Experience the resiliency of Chinese culture and traditions at the second annual Awakening Chinatown Festival. Produced by the Victoria Chinatown Museum Society, presented by RBC and supported by the Chinese Consolidated Benevolent Association and local Chinatown businesses, the celebration will take place Sunday, May 28, from noon to 5 p.m.
“The Victoria Chinatown Museum Society is dedicated to educating and fostering learning about the Chinese community, its living history and evolving culture through the creation of a museum and engaging with the broader community,” says Grace Wong, VCMS Chair. “We are excited for this year’s event to bring even more of our community together.”
The Dotting of the Eyes ceremony kicks things off at noon to “awaken the lions” – a symbolic awakening of Chinatown itself, followed by free entertainment for all ages including Chinese arts, crafts, and games, magic, calligraphy and fortune telling demonstrations.
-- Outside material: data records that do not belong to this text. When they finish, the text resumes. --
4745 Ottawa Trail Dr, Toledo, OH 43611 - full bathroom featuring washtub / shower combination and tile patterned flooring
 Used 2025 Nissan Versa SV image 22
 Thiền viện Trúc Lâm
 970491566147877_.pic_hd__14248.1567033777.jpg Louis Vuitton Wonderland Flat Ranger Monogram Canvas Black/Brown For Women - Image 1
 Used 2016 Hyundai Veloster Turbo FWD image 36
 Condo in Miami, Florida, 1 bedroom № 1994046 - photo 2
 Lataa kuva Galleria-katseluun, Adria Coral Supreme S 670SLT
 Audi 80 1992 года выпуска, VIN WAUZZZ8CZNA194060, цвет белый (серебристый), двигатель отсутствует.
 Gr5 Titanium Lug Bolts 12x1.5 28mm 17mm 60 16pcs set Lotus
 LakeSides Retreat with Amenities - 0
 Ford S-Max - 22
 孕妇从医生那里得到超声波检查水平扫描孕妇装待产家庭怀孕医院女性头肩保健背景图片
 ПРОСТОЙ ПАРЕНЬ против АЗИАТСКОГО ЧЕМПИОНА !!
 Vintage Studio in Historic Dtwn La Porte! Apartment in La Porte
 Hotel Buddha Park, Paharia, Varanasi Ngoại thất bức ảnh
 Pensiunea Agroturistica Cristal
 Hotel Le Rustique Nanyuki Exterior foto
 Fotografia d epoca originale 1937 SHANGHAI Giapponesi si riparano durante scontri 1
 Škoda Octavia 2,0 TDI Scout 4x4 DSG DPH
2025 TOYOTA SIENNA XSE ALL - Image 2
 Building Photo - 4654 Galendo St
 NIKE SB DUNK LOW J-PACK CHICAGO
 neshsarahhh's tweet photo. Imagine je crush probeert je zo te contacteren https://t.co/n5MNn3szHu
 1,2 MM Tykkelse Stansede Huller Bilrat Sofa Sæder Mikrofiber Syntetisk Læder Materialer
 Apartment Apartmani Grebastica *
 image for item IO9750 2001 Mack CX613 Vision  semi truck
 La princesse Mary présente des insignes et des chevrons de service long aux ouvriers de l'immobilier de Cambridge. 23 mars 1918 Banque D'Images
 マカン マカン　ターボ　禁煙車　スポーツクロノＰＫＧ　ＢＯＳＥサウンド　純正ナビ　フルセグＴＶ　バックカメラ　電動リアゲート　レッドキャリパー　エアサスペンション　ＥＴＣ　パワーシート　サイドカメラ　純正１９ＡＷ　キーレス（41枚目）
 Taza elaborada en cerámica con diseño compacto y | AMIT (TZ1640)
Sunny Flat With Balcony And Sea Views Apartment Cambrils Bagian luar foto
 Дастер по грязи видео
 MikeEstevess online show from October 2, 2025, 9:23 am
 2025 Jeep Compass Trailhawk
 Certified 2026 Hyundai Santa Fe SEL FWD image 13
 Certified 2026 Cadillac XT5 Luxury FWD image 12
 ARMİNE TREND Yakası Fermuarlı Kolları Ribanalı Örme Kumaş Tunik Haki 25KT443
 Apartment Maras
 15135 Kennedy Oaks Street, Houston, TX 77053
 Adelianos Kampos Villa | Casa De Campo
As the lively Lion Parade brings good fortune and prosperity to all, on the main stage guests can enjoy traditional martial arts and lion dancing by the Wong Sheung Kung Fu Club, and captivating performances by Victoria Chinese Culture Club Dancers, Pacific Opera Victoria, Happy Drum Group, Victoria Society of Chinese Performing Arts – Evergreen (Senior’s) Choir, House of Rice, Sunshine Fitness, magician Justin Louie and the Victoria Chinese Opera Club.
With Fisgard Street temporarily closed between Store and Government streets, visitors have room to explore all the sights, sounds and savours Chinatown has to offer, and feel inspired to return to this special place over and over again.